I am trying to make comparisons with Coq just to learn more about functional programming and proof assistants (and their relationships and difference).

The simplest example is the polymorphic identity function. In Coq it is easy to pass types as actual arguments and show them explicitly in function e.g.

  Check fun {T: Type} (x:T) => x.

output

fun (T : Type) (x : T) => x
     : forall T : Type, T -> T

or

  Definition id (T:Type) (x:T) := x.
  Check id.

output:

id
     : forall T : Type, T -> T

and I can call it with

  Compute id nat 1.

output

     = 1
     : nat

Notice that I passed nat as an argument. Can this be done in Ocaml or does type inference the only way to determine the values of type variables like 'a? (my guess is that one cannot pass them since I’ve never seen them and I read somewhere that the type system of OCaml is decidable so my guess is that there is no need…)

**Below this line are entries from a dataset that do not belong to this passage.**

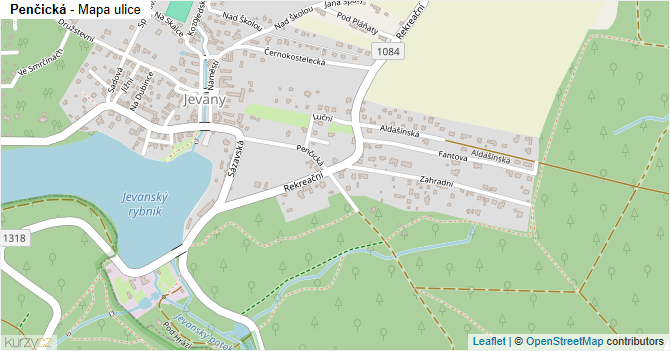 Penčická - mapa ulice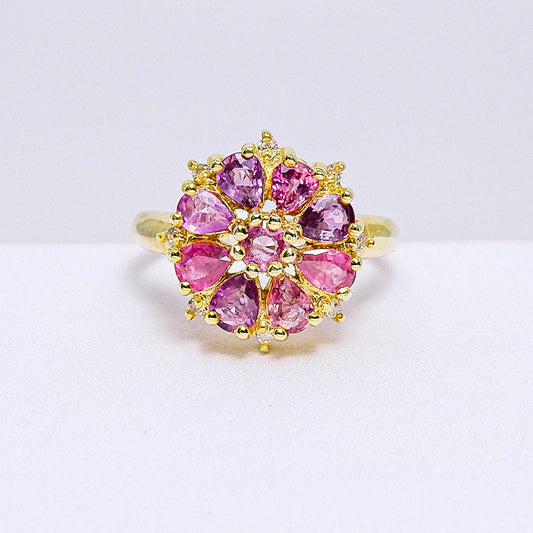 แหวนเงินแท้ 925 ฝังพลอย แซฟไฟร์ไทย (Thai Sapphire) + เซอร์คอน (Zircon)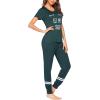 imageEkouaer Womens Pajamas Set 2 Piece Lounge Pj Set Short Sleeve Sleepwear Tops with Joggers Pants Loungewear Print NightwearDeep Green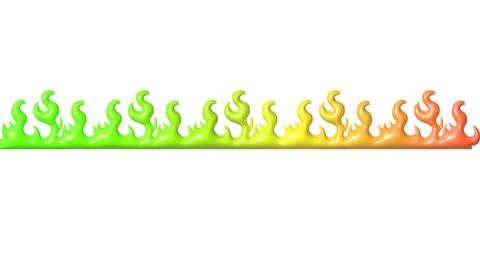 3D fire border in Y2K style, inflated flame reflecting 2000s aesthetics Stock Illustration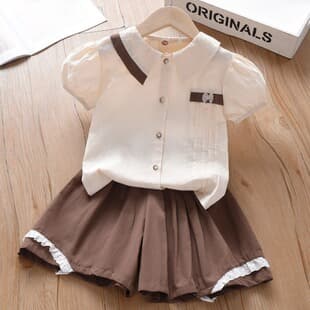 Girl's Summer Suit 2026 Style Girl Shirt Matching Pants Skirt Shorts Daily Children's Thin Short Sleeve Two-Piece Set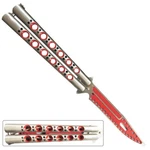 Non-sharp Trainer Butterfly Knife Balisong Flip Flop Tool Red Silver. Fixed Price $21.80.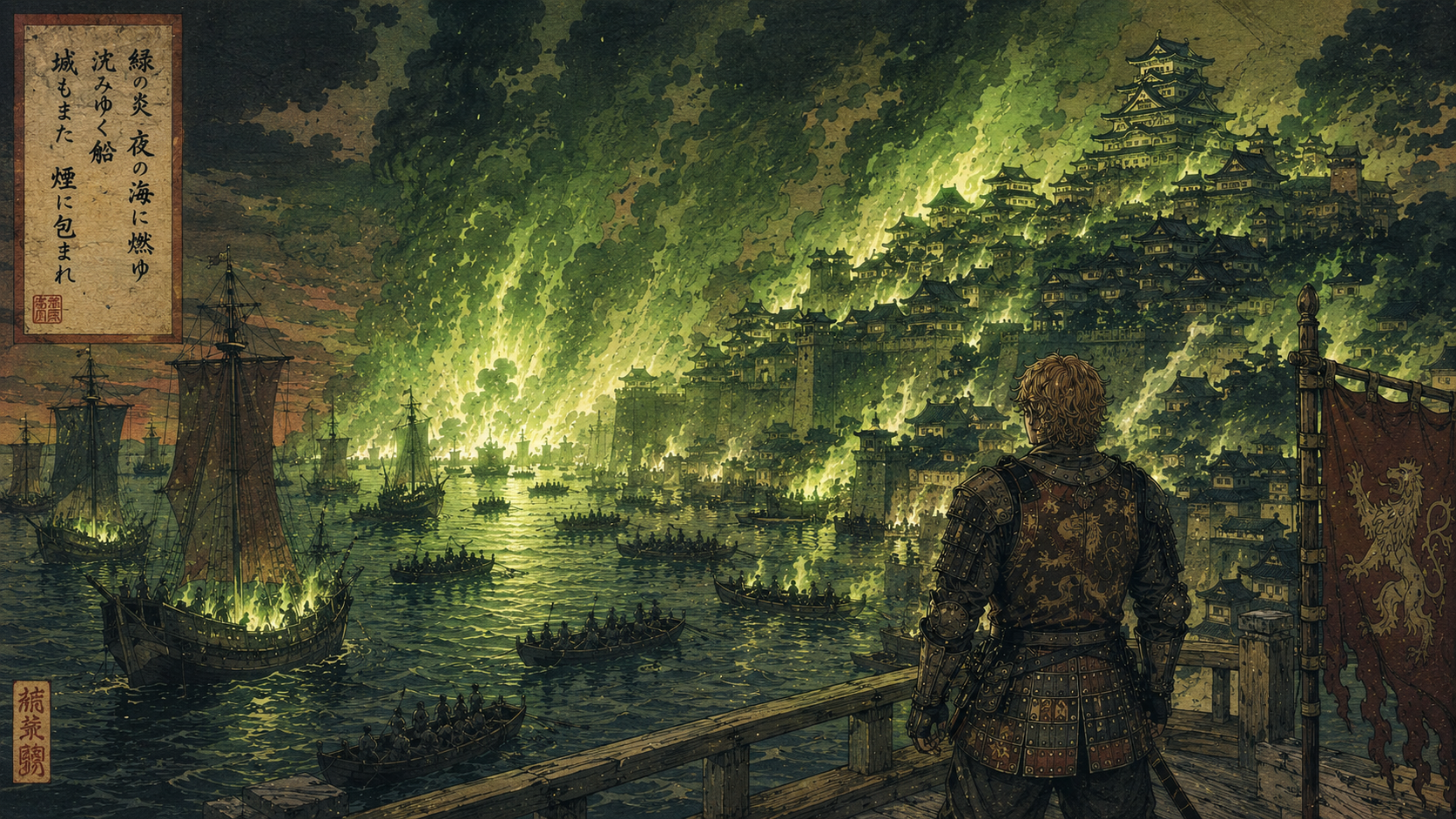 Medieval warrior on a pier watches a harbor ablaze with green flames and a towering Japanese castle.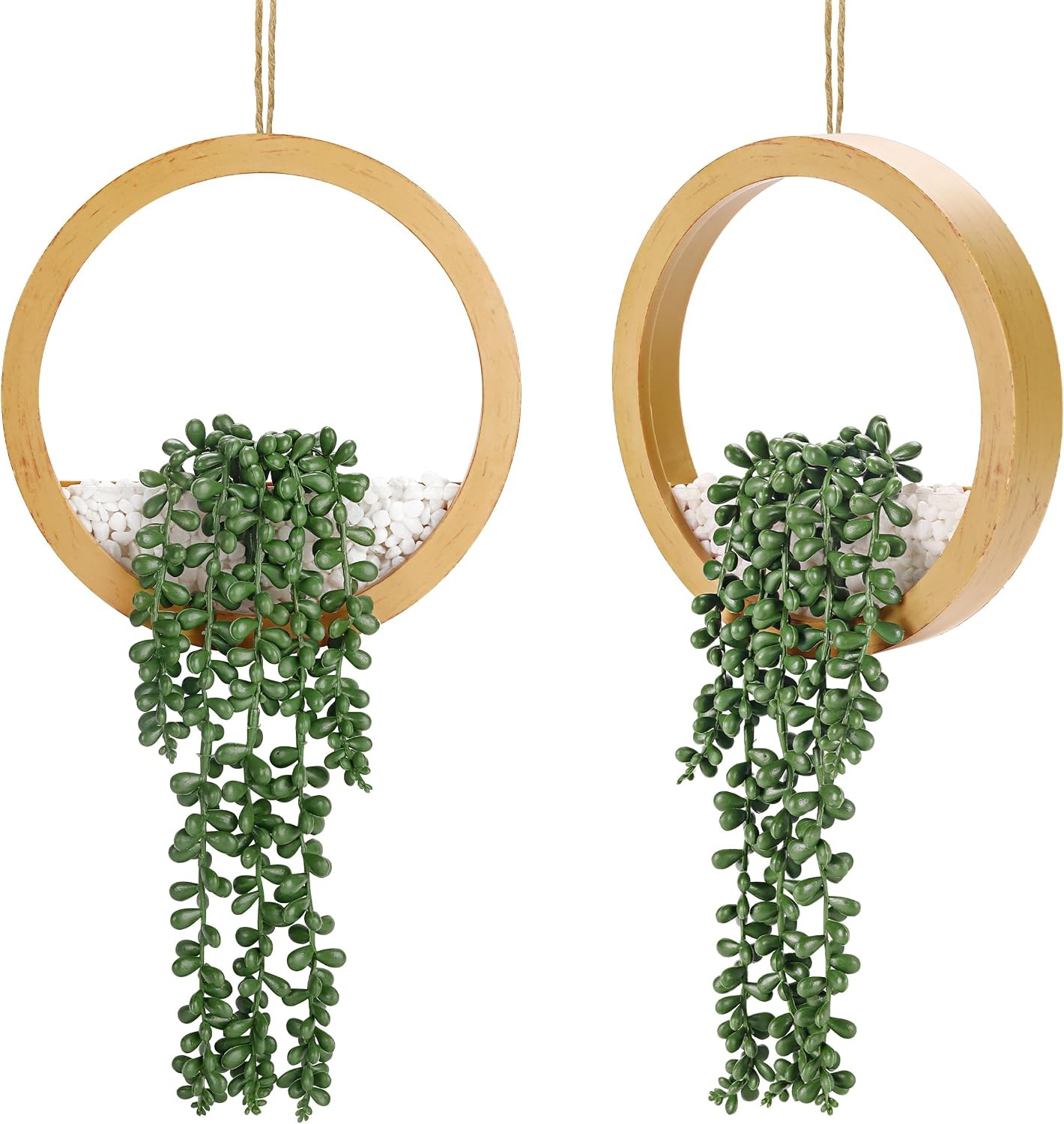 2 Pack Hanging Artificial Succulents in Black Pots Boho Farmhouse Wall Decor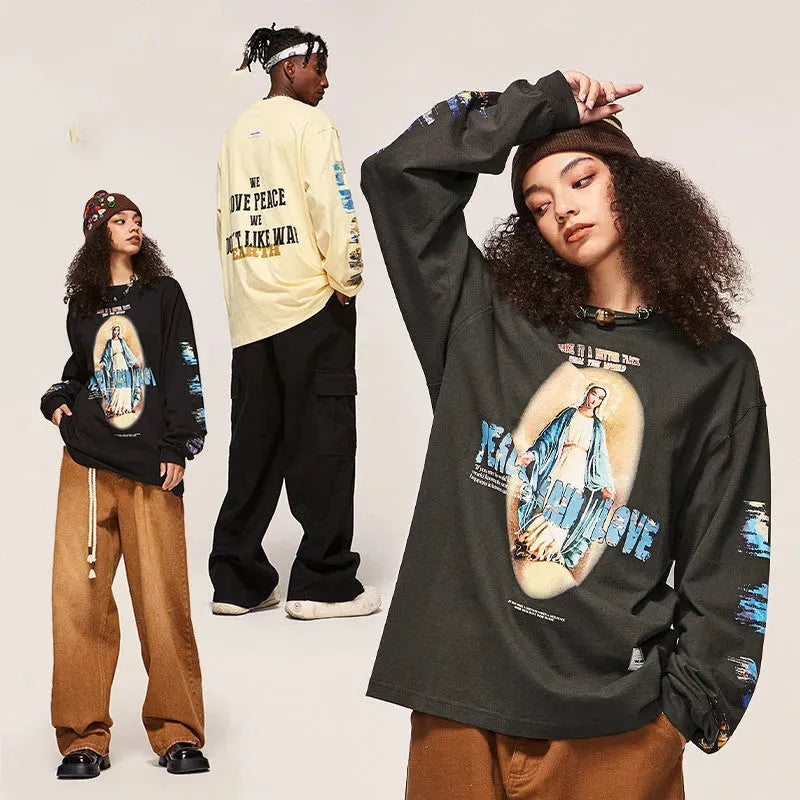 High Street Vintage Print Design Spring New Round Neck Sweater - Bellarte Enchanté High Street Vintage Print Design Spring New Round Neck Sweater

It is possible (but a bit heavy) to pass “types as arguments” by using first-class modules:

# module type T = sig type t end;;
module type T = sig type t end
# let id (type a) (module M : T with type t = a) (x : a) = x;;
val id : (module T with type t = 'a) -> 'a -> 'a = <fun>

You can call it with

# id (module (struct type t = int end)) 1;;
- : int = 1

Note that this kind of code is made both more convenient and more powerful by the ongoing work in Modular explicits by mrmr1993 · Pull Request #9187 · ocaml/ocaml · GitHub

Cheers,
Nicolas

I have never used Coq so I am not absolutely certain what question the OP is asking, but GADTs can also carry along with them arbitrary types:

type _ alternatives =
  | First: int alternatives
  | Second: float alternatives

let do_it (type t) (alts: t alternatives) (t:t) =
  match alts with | First -> Printf.printf "First: %d\n" t
                  | Second -> Printf.printf "Second: %f\n" t

let () = do_it First 50